Kunden sollen einfacher einkaufen

Ein Ziel der Walter AG ist es, dass die Kunden schneller einkaufen können. Dazu soll die Werkzeugbestellung teilweise von der Einkaufsabteilung eines Unternehmens in die Produktion verlagert werden. Eine Order kann demnach zum Beispiel direkt vom Meister vorgenommen werden, der das Werkzeug in seiner Abteilung benötigt. Damit sollen längere Standzeiten der Maschinen vermieden werden, erläutert Schimpf. Wenn ein Bearbeitungszentrum wegen eines fehlenden Werkzeuges, das nur ein paar Mark kostet, stehe, so sei das in keinem Verhältnis zu den durch den Ausfall entstehenden Kosten. "Deshalb haben wir in den Store eine Administratorfunktion eingebaut." Wird ein Kunde für den Web-Store freigeschaltet, hinterlege Walter alle bekannten Kontakte mit Namen und Lieferadresse. Der Administrator beim Kunden habe dann die Möglichkeit, selbst diese Liste zu editieren und Datensätze für Personen anzulegen oder zu löschen, erläutert Schimpf. Dieses Prinzip solle noch weiter ausgebaut werden. Geplant sei, "noch eine Art Kreditlimitprüfung" für jeden Bestellberechtigten zu hinterlegen.

Um den unterschiedlichen Anforderungen der Benutzer gerecht zu werden, erhält jeder Kunde personalisierte Daten. Kunden sehen ihre individuellen Preise und Rabatte sowie die Verfügbarkeit der Artikel. Die Händler und Außendienstmitarbeiter von Walter können außerdem über den Store die genauen Lagerbestände einzelner Werkzeuge abfragen. Für Schimpf ist das auch ein Grund, die unternehmensweite SAP-Einführung voranzutreiben. Die jetzige PPS-Lösung sei nur rund 14 Stunden täglich verfügbar, danach werde im Batch-Betrieb gearbeitet. Durch die Zeitverschiebung hätten die Tochtergesellschaften in den USA und Asien kaum echte Zugriffsmöglichkeiten auf die Lagerbestände, so Schimpf. Das neue System solle auch dieses Problem beseitigen.

Sukzessiver Ausbau geplant

Das Unternehmen möchte den Store sukzessive ausbauen. Geplant ist, die Lösung an die ERP-Systeme der Kunden anzubinden, damit die Einkäufer ihre Bestelldaten nicht doppelt erfassen müssen. "One-Step-Business" über EDI, XML oder eine andere Schnittstelle wird "mit Sicherheit einer der nächsten Schritte sein, damit wir eine komplette B-to-B-Lösung haben". Außerdem soll der Online-Store in allen Ländern, in denen das Unternehmen aktiv ist, eingesetzt werden.

Für das Unternehmen steht der Return on Investment bei diesem Projekt nicht im Vordergrund.
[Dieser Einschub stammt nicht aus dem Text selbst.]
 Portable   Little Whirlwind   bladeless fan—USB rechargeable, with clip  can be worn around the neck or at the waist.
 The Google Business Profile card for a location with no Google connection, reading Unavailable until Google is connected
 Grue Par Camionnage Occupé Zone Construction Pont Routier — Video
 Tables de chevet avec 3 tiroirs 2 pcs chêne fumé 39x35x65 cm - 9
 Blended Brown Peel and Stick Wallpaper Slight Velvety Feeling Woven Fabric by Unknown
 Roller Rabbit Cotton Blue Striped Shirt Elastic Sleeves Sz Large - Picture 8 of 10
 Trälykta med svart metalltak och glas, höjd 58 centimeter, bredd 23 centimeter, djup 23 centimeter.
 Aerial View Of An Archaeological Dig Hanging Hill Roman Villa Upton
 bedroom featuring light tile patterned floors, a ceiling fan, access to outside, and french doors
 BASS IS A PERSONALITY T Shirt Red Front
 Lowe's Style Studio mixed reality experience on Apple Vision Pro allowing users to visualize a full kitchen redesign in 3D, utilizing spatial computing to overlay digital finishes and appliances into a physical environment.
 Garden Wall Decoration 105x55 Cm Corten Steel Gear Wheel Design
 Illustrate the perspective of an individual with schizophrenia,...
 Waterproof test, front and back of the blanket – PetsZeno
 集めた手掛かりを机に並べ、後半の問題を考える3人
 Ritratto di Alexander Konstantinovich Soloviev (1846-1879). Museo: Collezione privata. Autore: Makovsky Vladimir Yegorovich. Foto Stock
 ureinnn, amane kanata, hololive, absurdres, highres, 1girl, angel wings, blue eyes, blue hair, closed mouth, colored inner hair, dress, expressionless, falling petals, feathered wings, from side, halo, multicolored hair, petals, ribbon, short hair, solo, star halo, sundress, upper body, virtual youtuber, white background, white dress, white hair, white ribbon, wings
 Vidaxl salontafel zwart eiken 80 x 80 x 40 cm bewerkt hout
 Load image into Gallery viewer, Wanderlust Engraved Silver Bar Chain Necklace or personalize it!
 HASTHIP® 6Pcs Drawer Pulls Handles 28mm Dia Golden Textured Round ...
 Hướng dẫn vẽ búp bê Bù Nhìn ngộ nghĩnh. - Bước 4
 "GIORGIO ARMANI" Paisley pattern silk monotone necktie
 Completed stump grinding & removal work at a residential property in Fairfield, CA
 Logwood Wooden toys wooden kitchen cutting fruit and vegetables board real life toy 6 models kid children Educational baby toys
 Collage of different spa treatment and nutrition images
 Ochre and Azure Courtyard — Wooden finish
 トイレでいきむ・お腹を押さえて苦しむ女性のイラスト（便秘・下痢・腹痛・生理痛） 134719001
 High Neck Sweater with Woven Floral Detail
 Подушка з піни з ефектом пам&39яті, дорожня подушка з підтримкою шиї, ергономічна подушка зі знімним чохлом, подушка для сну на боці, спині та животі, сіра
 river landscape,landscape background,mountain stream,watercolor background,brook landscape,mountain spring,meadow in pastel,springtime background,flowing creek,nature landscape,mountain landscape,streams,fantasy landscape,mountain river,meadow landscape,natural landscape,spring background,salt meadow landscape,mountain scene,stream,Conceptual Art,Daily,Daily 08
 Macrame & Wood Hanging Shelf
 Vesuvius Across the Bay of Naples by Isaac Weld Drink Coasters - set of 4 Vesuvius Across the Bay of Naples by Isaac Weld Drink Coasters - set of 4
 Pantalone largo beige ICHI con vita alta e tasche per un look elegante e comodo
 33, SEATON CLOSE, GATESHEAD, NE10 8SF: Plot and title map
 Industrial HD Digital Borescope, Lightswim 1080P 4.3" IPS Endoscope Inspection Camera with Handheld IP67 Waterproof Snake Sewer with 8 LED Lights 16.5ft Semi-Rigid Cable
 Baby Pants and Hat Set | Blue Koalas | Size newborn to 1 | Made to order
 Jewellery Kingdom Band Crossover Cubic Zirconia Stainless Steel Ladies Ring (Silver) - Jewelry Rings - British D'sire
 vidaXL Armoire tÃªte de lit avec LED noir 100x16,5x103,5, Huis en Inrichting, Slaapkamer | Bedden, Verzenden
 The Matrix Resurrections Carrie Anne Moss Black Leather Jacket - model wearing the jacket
Peter Schneck, CIO der Walter AG: "Das Ganze ist für uns mehr ein Zukunftsprojekt." Innerhalb der Migration auf SAP sei der Store eine "kleine Einflussgröße." Die gesamte Investition für die nächsten fünf bis sieben Jahre liege bei zirka 20 Millionen Mark, so Schneck. Davon seien 250000 bis 300000 Mark für den Store geplant. Hier fielen fast nur Dienstleistungskosten an, da die Server und anderes primär als Infrastruktur für die SAP-Einführung dienen.

Das Unternehmen

Der Werkzeug- und Maschinenbauer Walter AG hat seinen Stammsitz in Tübingen. Weltweit unterhält das Unternehmen über 20 Niederlassungen. In Deutschland beschäftigt Walter zirka 1000 Mitarbeiter, weitere 900 arbeiten in den Auslandsfilialen. Für 2000 gibt das Unternehmen einen Umsatz von rund 520 Millionen Mark an. Neben Standardwerkzeugen fertigt Walter auch Spezialwerkzeuge und stellt CNC-Schleif- und Messmaschinen her. Ferner vermarkten die Tübinger ein Programm zur Werkzeugverwaltung.